Chargés d’une mission de reconnaissance, ils s’arrêtent à la hauteur des premières maisons. En quelques instants, la rue se fait menaçante.
Un soldat ennemi arrive en trombe à l’hôtel de ville.
Un flottement d’indécision parcourt la foule. La cité, jalouse de son indépendance ne veut pas se laisser faire. Des centaines de poings menaçants, une indescriptible tempête de cris et d’injures accueille si bien l’intrus, que celui-ci tourne bride aussitôt.
Au moment où le hussard, lancé au galop de charge, passe derrière la Halle, des huées se font si violentes, que le cheval effrayé, bute, entraînant son cavalier dans sa chute. L’Allemand touche à peine le pavé qu’un Romillon brandit un pistolet et, à bout portant, tire sur l’homme à terre. Mais l’arme est vieille, le coup fait long feu, épargnant le cavalier, qui s’enfuit par le chemin de Conflans.
Quelques secondes plus tard, un second coup de feu éclate dans la rue de la Chaussée de Sellières. L’agitation croit, un incident paraît imminent.
Le maire, accompagné du curé, du juge de paix et de quelques notables, se porte au-devant de l’ennemi. Le courageux magistrat dit la misère de la cité, les métiers arrêtés, la population employée à raison d’un franc par jour (les ¾ de cette somme sont alloués sous forme de bons de pain, 25 centimes seulement sont versés en espèces) sur les chantiers communaux et si pauvrement alimentée, si misérable dans son ensemble, que le désespoir et la faim la pousse à des gestes inconsidérés.
L’officier et sa troupe s’en vont dans la direction de Sézanne.
L’après-midi, 6 hussards à tête de mort arrivent par le chemin de Conflans, quand une pierre lancée par la fronde d’un adolescent atteint l’un d’eux à la nuque. Les témoins s’éclipsent rapidement. Alors, de la pointe de son arme, le cavalier furieux brise les vitres des maisons voisines, et administre une correction du plat de son arme à un passant.
Les 5 autres hussards prennent la direction de l’embarcadère du chemin de fer, abattent quelques poteaux du télégraphe, rentrent en ville et s’arrêtent devant l’hôtel des Postes afin d’y couper la ligne télégraphique.

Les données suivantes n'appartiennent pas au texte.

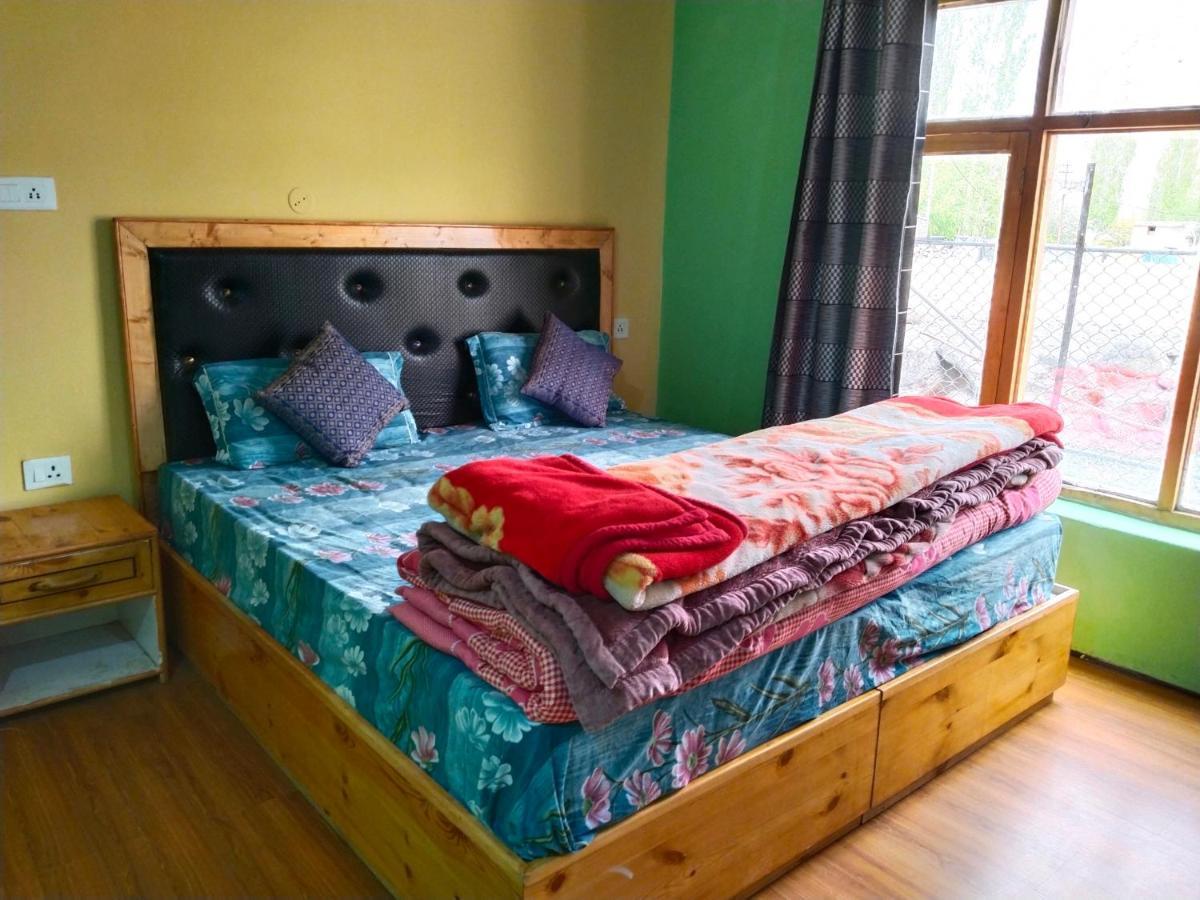 Noor Guest House เลห์ ภายนอก รูปภาพ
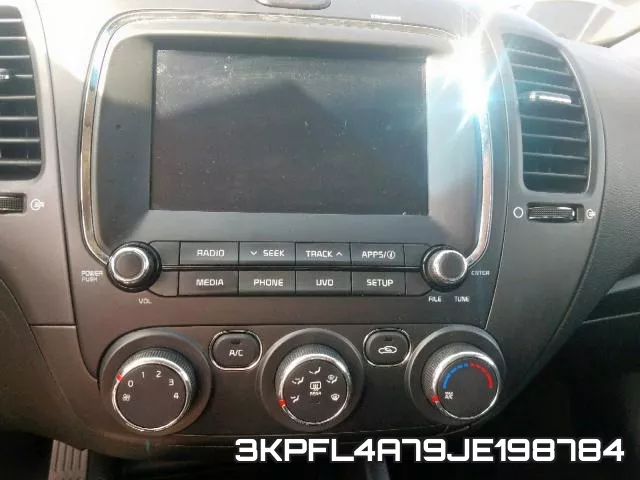 3KPFL4A79JE198784 фото 9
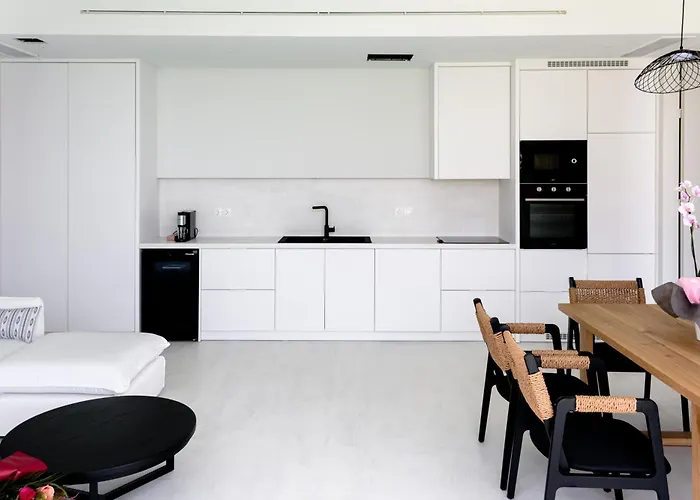 Mandevilla Hillside Luxury Villas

Mais le receveur s’enferme. Cela permet de sauver la ligne télégraphique de Romilly.
Quelques semaines plus tard, la maison du passage à niveau de la Boule d’Or brûle et de nouvelles et sanglantes représailles ont lieu, mais la Poste résiste.
La foule, massée autour de la recette postale manifeste clairement son hostilité, et les hussards s’éloignent par la route de Marcilly.

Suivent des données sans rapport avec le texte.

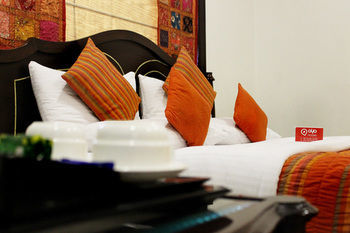 Oyo Premium Rajouri Garden Janta Market New Delhi Extérieur photo
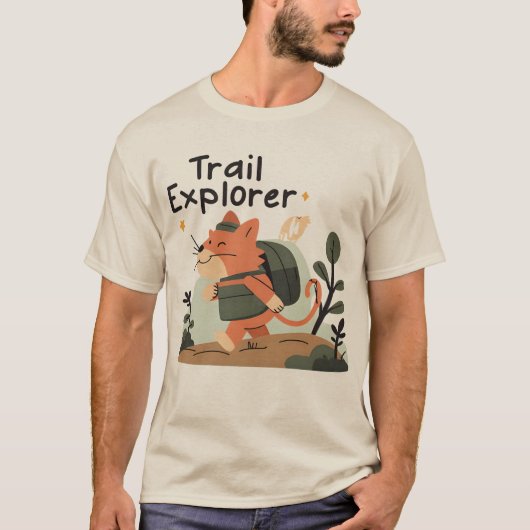 Trail Explorer – Cute Cat Hiking Adventure Tee Tシャツ (正面)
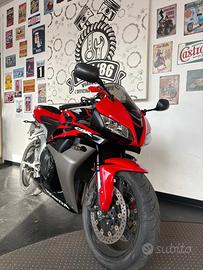Honda CBR 600 RR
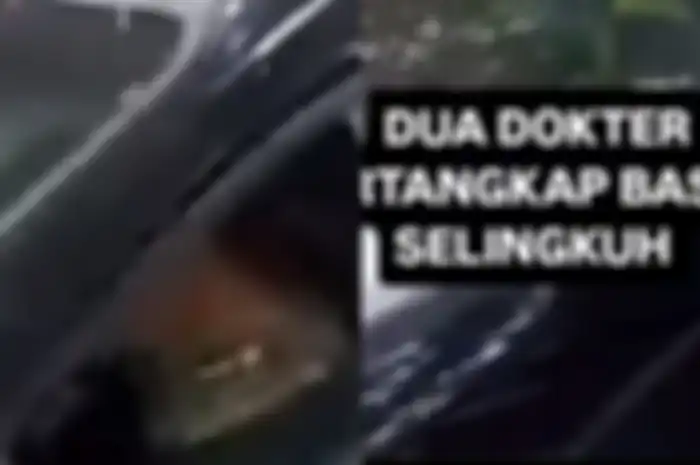 dua oknum dokter diduga selingkuh dalam mobil, digerebek di parkiras RS 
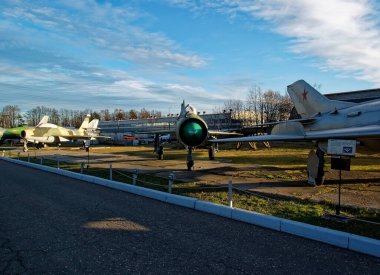 Müzedeki eski Sovyet savaş uçağı, MiG 21.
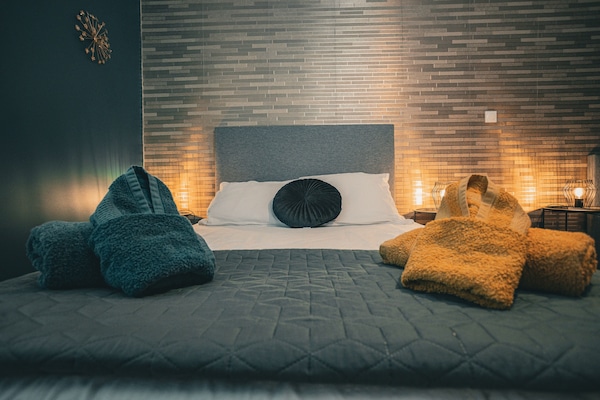 3 Schlafzimmer, BĂŒgeleisen/BĂŒgelbrett, Reisekinderbett, WLAN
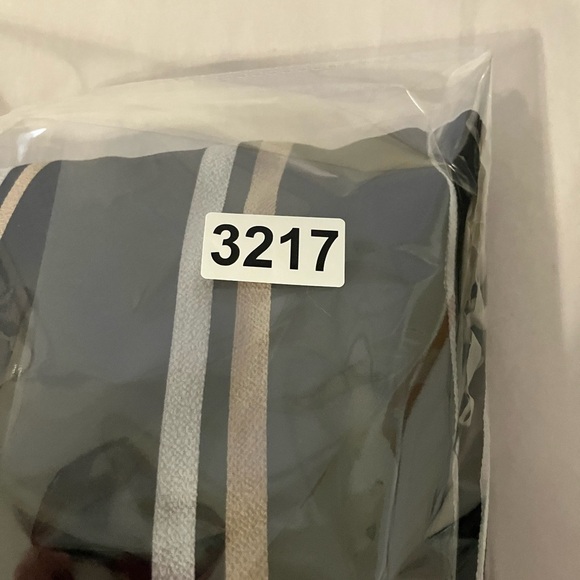 NEW!!! Francesca’s Julissan Jumpsuit Sz Large Beach Casual Halter Neck - Picture 9 of 9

Romilly et son canton deviennent le siège d’un extraordinaire mouvement de résistance.
A 3 reprises différentes, les habitants de la vallée de l’Ardusson s’ébranlent au son du tocsin, arrivent à Romilly et passent la Seine, armés de faux, de bâtons, de vieux fusils.
Il y a des villages où il ne reste que les malades et les vieillards.

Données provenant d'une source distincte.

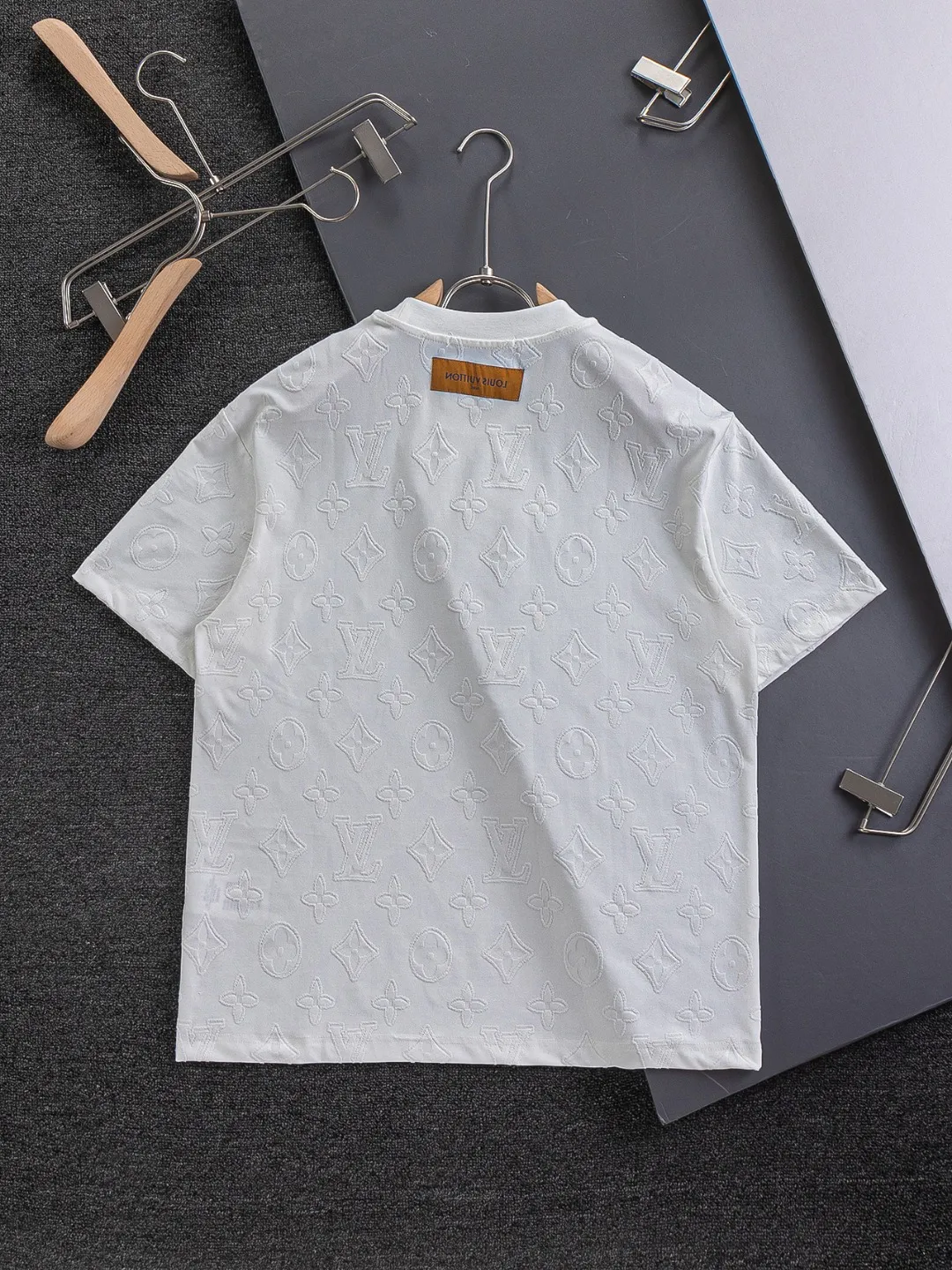 🅿️210 Louis Vuitton Louis Vuitton 1V Lujia slightly wide version S-XL LV25SS new product counter is available at the same time, clover presbyopia letters all over the jacquard large logo letters 🪡 embroidered round neck short-sleeved T-shirt, the same style for men and women! Synchronized with the official website, pure cotton fabrics at the counter! It is close to the skin and comfortable, durable and easy to wear. It has a classic and simple logo design and meticulous original craftsmanship. Short-sleeves, a must-have item for men, are not the same as the general public, but must be unique and eye-catching. This LV short-sleeve is all about quality, comfort, the same shape and fashion as always, including the fabric and cutting process. All efforts have been made! 320 grams of washed pure cotton fabric, pure cotton is breathable, very refreshing and comfortable for daily wear. The rib knitting on the neckline is smooth and tight, and the neckline will not be skewed if you toss it at will. The loose version, you will find that it looks really good on the upper body. The overall is minimalist and neat, super versatile for daily use! Pair it casually with a pair of pants for a youthful look. A T-shirt will make your outfit crazy. It is a fashionable item that can never go wrong! Black, white, size: S-XL Size chart: S: Shoulder width 50-Bust 54-Length 70 M: Shoulder width 52-Bust 56.5-Length 72 L: Shoulder width 54-Bust 59-Length 74 XL: Shoulder width 56-Bust 61.5-Length 76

Les gens de Clesle arrivent avec leur curé en tête, ceux de Béthon et autres villages voisins marchent toute la nuit pour résister derrière le fleuve…
C’est un spectacle singulièrement émouvant.
La plupart de ces gens, plus habitués du maniement des armes depuis plus de 20 ans, ne savent ni charger, ni tenir un fusil…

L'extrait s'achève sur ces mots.